CSCI 5733.1
XML Application Development
Summer 2003
Mid-Term Examination

Name:  _________________________________

Time allowed: one hour and 30 minutes.  Total score: 30 points.

Open: text book, lecture notes, every file I wrote and posted in my Web page and your project assignments.  No other materials are allowed.

Answer all questions.  Turn in both question and answer sheets.  Plan your time well.

Academic honesty policy will be followed strictly.  Cheating will result in a failing grade of D or below and a permanent academic record! 

(1) [9 points] Complete the following program, su3t1asax.java, which reads in an XML file output the name of the first deepest element and the number of its attributes using SAX (other methods not acceptable). The depth of an empty tree is defined to be -1.

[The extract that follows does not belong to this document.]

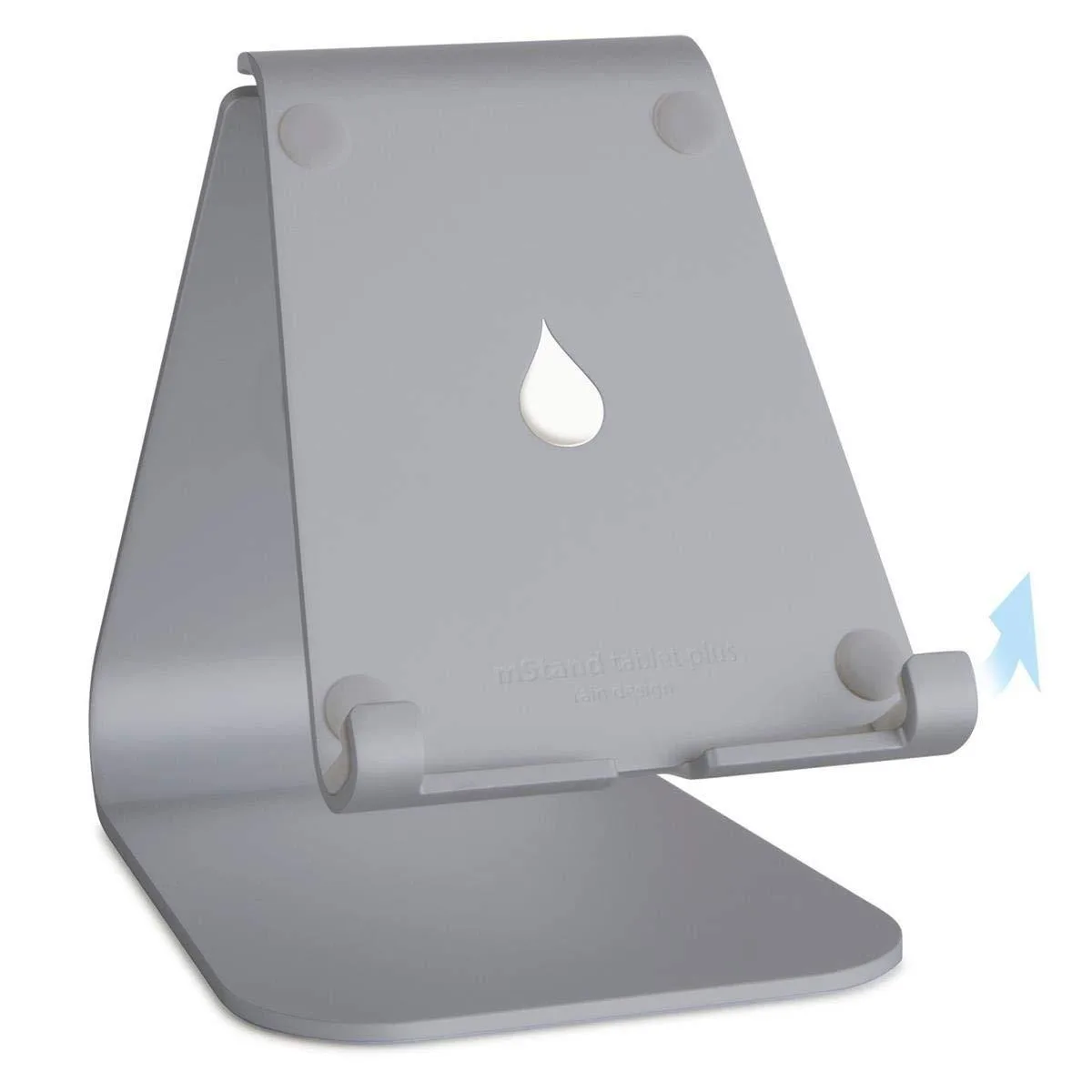 Space Gray angled tablet stand with hidden hinge, holds iPad portrait or landscape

For the following input file, data.xml:

<?xml version="1.0" ?>
<root>
   <a>
      <b />
      <b x="1">
         <c x="1" y="2"/>
         <d x="2" y="3"/>
      </b>
   </a>
   <d>
      <e/>
   </d>
</root>

running

java su3t1asax data.xml

output exactly the following:

The first deepest element is <c> and it has 2 attribute.

This is because the first deepest element is <c x="1" y="2"/> at a depth of 3 and it has two attributes: x and y.

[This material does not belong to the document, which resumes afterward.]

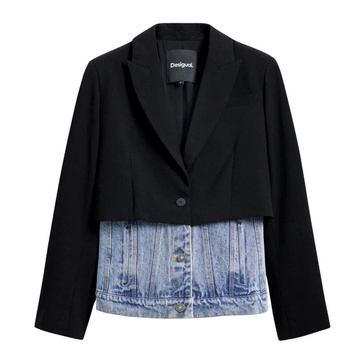 Black Button-Up Jacket Spring/Summer Women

You must not write your own program. Instead, you should study the following skeleton and fill in the missing parts, which include only the SAX event handlers, data members, the method printResult() and any other helping methods you may need.

import java.io.*;
Import java.util.*;

Import org.xml.sax.*;
Import org.xml.sax.helpers.DefaultHandler;

import javax.xml.parsers.SAXParserFactory;
import javax.xml.parsers.ParserConfigurationException;
import javax.xml.parsers.SAXParser;

public class su3t1asax extends DefaultHandler
{
   public static void main(String argv[])
   {   if (argv.length != 1) {
         System.err.println("Usage: Java su3t1asax xmlfilename");
         System.exit(1);
      }

      DefaultHandler handler = new su3t1asax();
      SAXParserFactory factory = SAXParserFactory.newInstance();

      try
      {   SAXParser saxParser = factory.newSAXParser();
         saxParser.parse(new File(argv [0]), handler);
         //   print the result.
         printResult();
      } catch (Throwable t)
      {   t.printStackTrace();
      }
   }   //   main

   // Add your handlers, data members, printResult and
   // other methods here...

}   //   su3t1asax.

(2) (a) [3 points] Give the definition of the simple type mySimpleType in XML Schema to include only all positive integers divisible by 4: 4, 8, 12, 16, 20, 24, ...

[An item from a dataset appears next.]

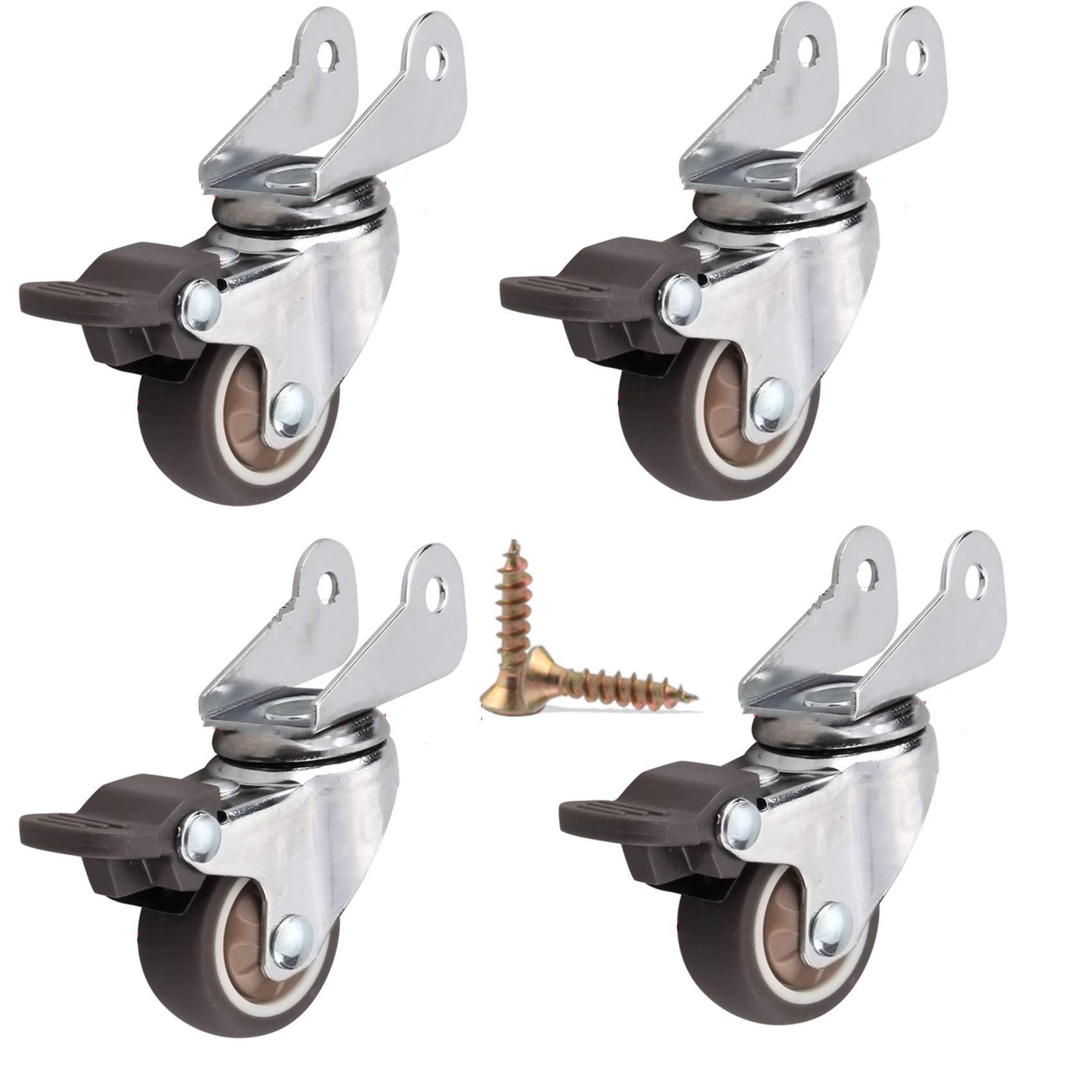 Roulettes pivotantes robustes roues caoutchouc 1.5 2 pouces support en P roulettes avec frein meuble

(b) [7 points] A very small library wants to store its book collections in XML. A collection may have up to 12 categories of books. Each category has an unique id, a name and an optional brief description. The category id starts with the character "c". A book may belong to zero or more categories. A book has an unique call number that starts with a capital letter and may contain letters or digits. A book also has a title and zero or many authors. The title of a book may contain any characters and the first character can only be alphabets or digits, such as "123, sing along."

Design your DTD to be as close to the specification above as possible. Both category and book information should be stored. Enforce as much constraint as possible.

(3) (a) [5 points] True or False; no explanation should be given.

(i) XMLReader is a class defined by the SAX API.
(ii) &nbsp; is not a predefined entity in XML.
(iii) In XML Schema, a simple type can be used as the data type of an element.
(iv) xmlns is a predefined namespace prefix in XML.
(v) In non-validating mode, an XML parser will not access the DTD specified in DOCTYPE.

(b) [6 points] Write a CGI-Perl program that uses the XML document stored in http://dcm.uhcl.edu/yue/courses/xml/Summer2003/test/hquote.xml, which has a DTD of

<!ELEMENT quotes (quote*)>
<!ELEMENT quote (author, content)>
<!ELEMENT author (#PCDATA)>
<!ELEMENT content (#PCDATA)>

There are no attributes. The program generates plain text content (not HTML). Each line depicts one <quote> in the format of

author:content

where author and content are the values of <author> and <content> respectively.